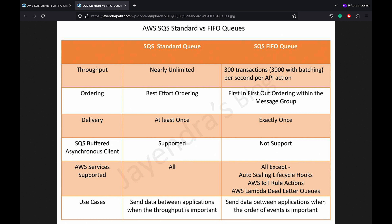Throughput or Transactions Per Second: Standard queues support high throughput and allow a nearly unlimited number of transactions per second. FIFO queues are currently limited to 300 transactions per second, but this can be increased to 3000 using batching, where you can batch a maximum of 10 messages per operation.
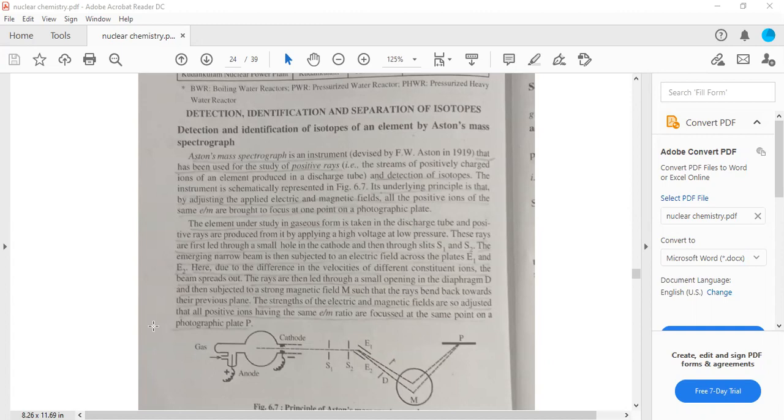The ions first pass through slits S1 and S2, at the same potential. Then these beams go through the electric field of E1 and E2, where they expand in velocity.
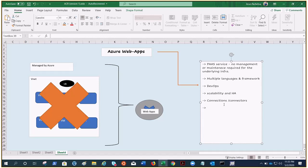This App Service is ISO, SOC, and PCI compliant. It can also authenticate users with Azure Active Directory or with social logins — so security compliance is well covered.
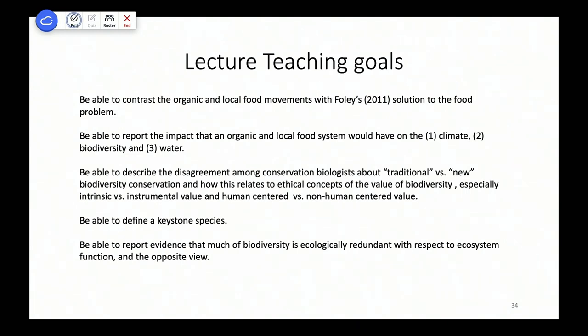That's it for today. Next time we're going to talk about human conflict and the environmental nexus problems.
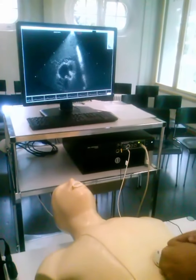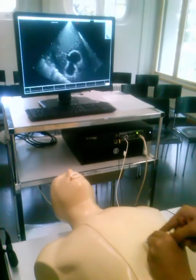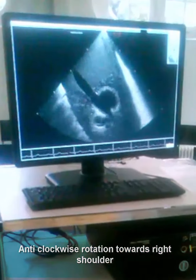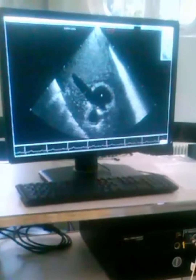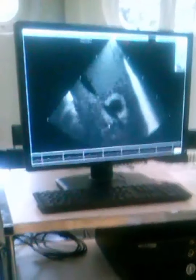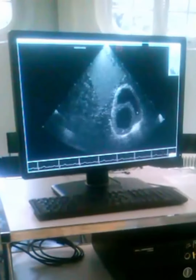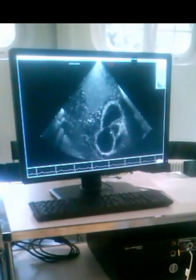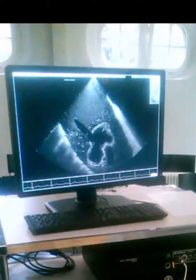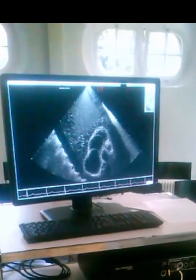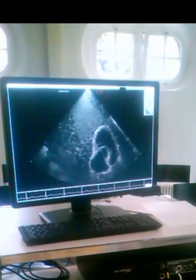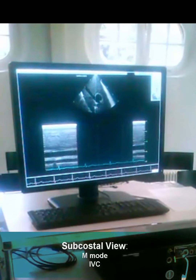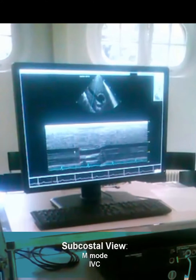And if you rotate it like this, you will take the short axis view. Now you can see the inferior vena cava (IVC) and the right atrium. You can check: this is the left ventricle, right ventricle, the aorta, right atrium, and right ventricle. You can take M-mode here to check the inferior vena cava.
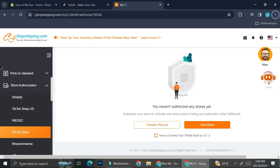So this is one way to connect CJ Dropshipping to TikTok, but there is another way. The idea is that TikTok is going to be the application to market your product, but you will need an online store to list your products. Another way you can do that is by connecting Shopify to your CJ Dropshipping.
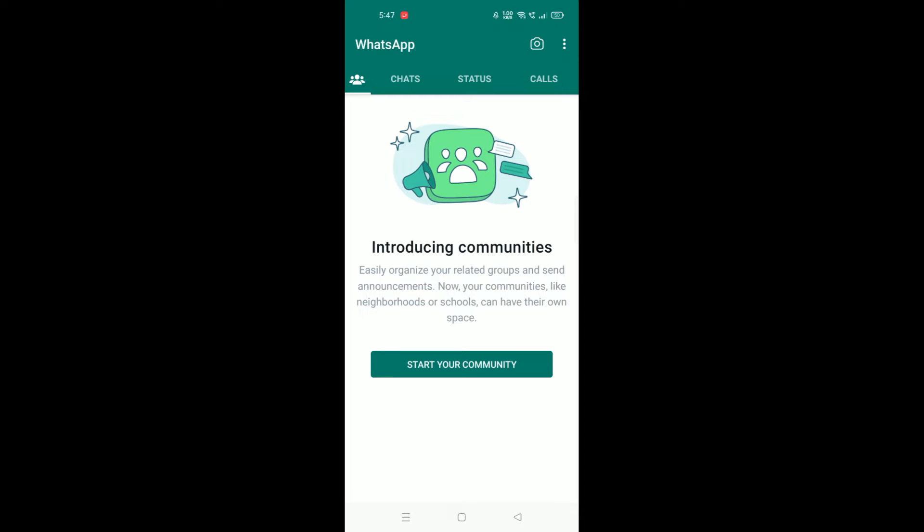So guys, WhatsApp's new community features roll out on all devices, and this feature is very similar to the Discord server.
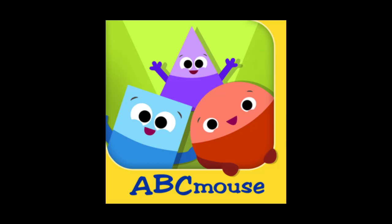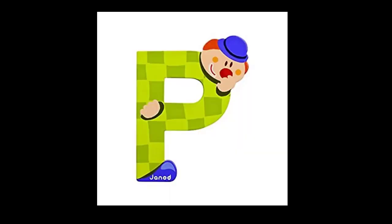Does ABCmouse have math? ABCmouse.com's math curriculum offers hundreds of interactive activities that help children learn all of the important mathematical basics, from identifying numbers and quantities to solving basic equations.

....

Exercise brief => Using the listing above, write out exactly the lines from the one that holds "So guys, WhatsApp's" through the last line, both included, and omit pictures.

Task solution =>
So guys, WhatsApp's new community features roll out on all devices, and this feature is very similar to the Discord server.
Does ABCmouse have math? ABCmouse.com's math curriculum offers hundreds of interactive activities that help children learn all of the important mathematical basics, from identifying numbers and quantities to solving basic equations.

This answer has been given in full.